PROBLEM STATEMENT:
Reproduce exactly the lines from the one that holds "Сковорода Rondell Perfect RDA-1560" through the last line of the entries, both ends included, but not the pictures.

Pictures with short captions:
____________________
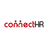 Connect HR Reviews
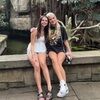 maddiexxzxo
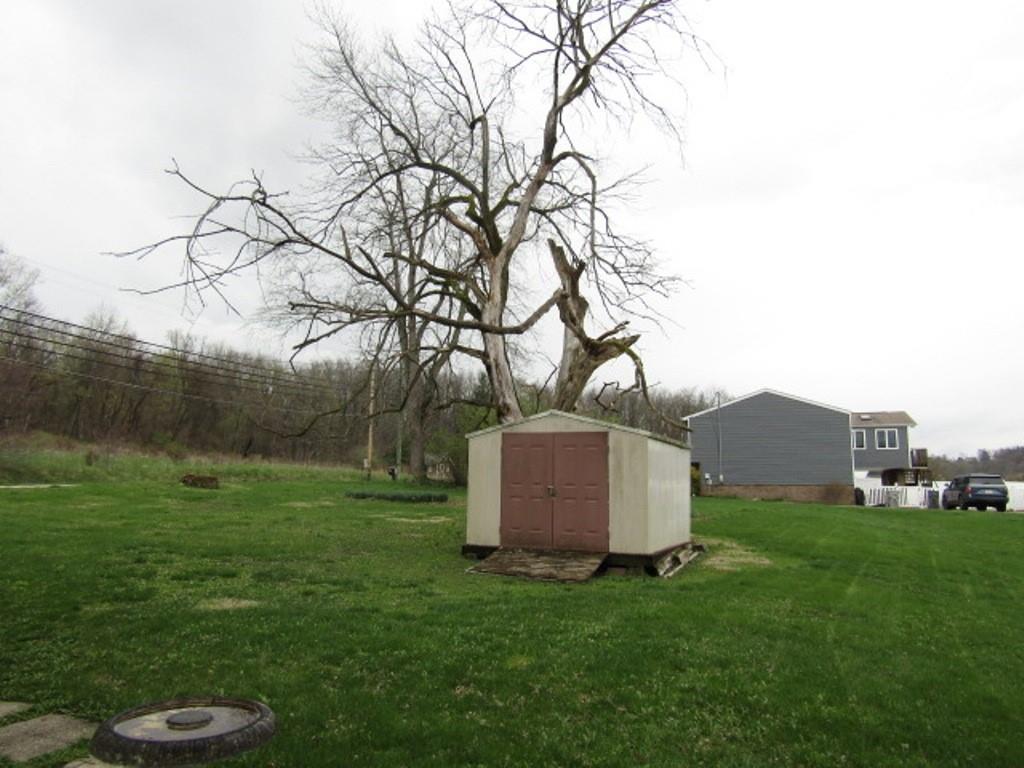 810 Venetia Road Venetia, PA 15367 - Photo 7 of 31 Gallery Image 7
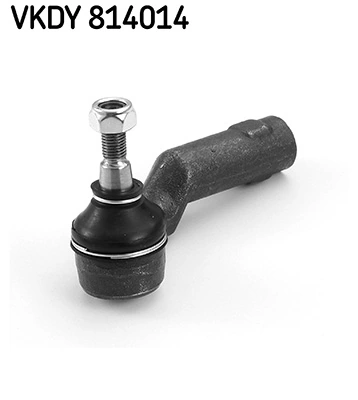 VKDY814014 SKF Зовнішній наконечник рульової тяги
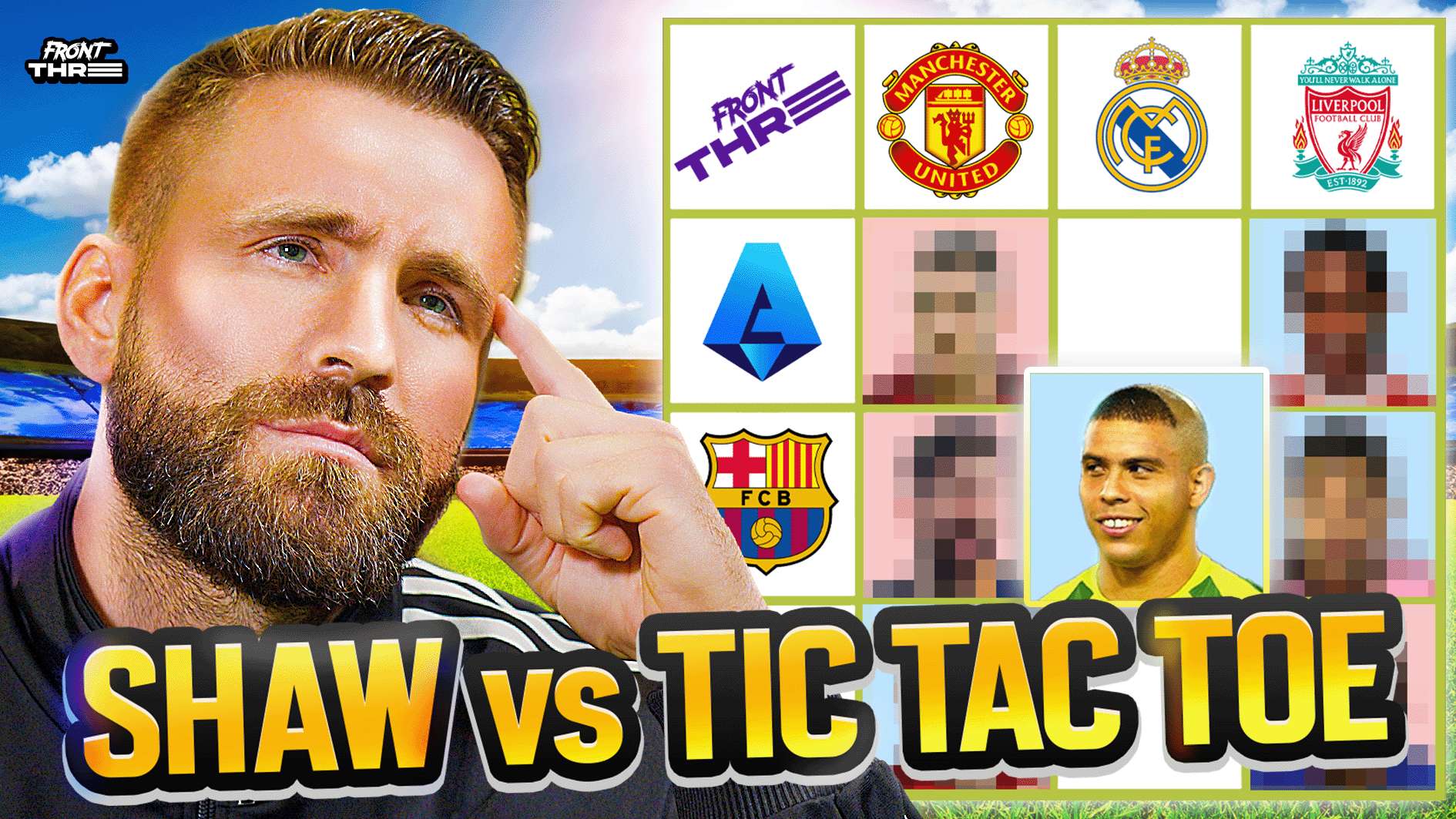 此乌龙不仅 此乌龙不仅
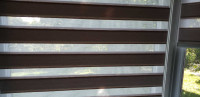 Blinds and Shutters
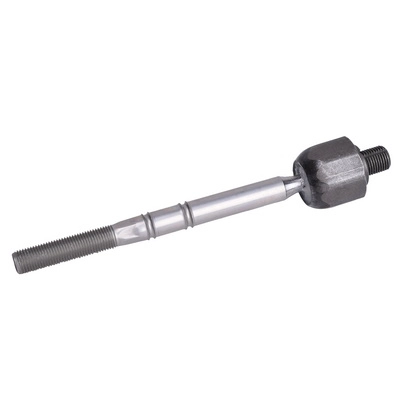 Tie Rod End (BF0318450002)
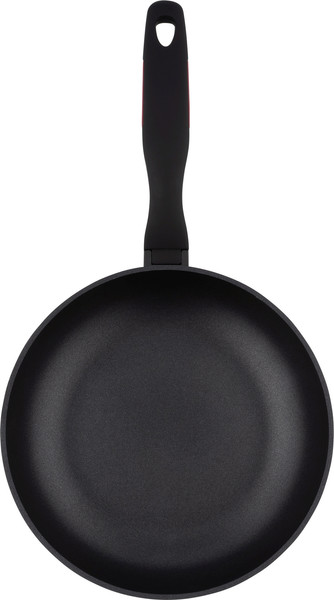 Сковорода Rondell Perfect RDA-1560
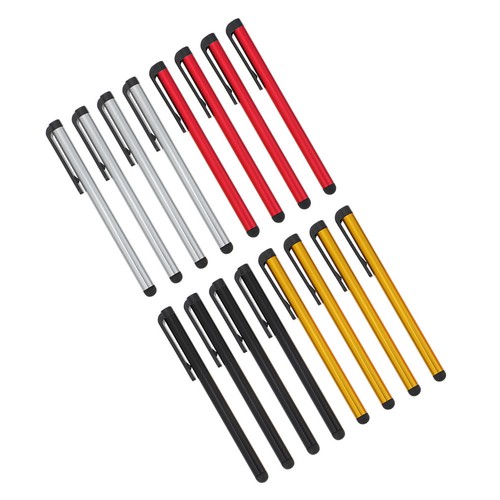 Pcs accessoires pour - pcs,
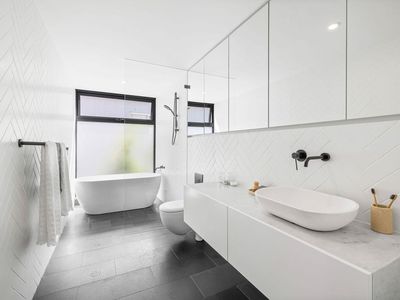 9A Donovan Avenue, Maroubra
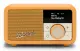 Roberts Radio Revival Petite 2 #2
____________________
FINAL ANSWER:
 Сковорода Rondell Perfect RDA-1560
 Pcs accessoires pour - pcs,
 9A Donovan Avenue, Maroubra
 Roberts Radio Revival Petite 2 #2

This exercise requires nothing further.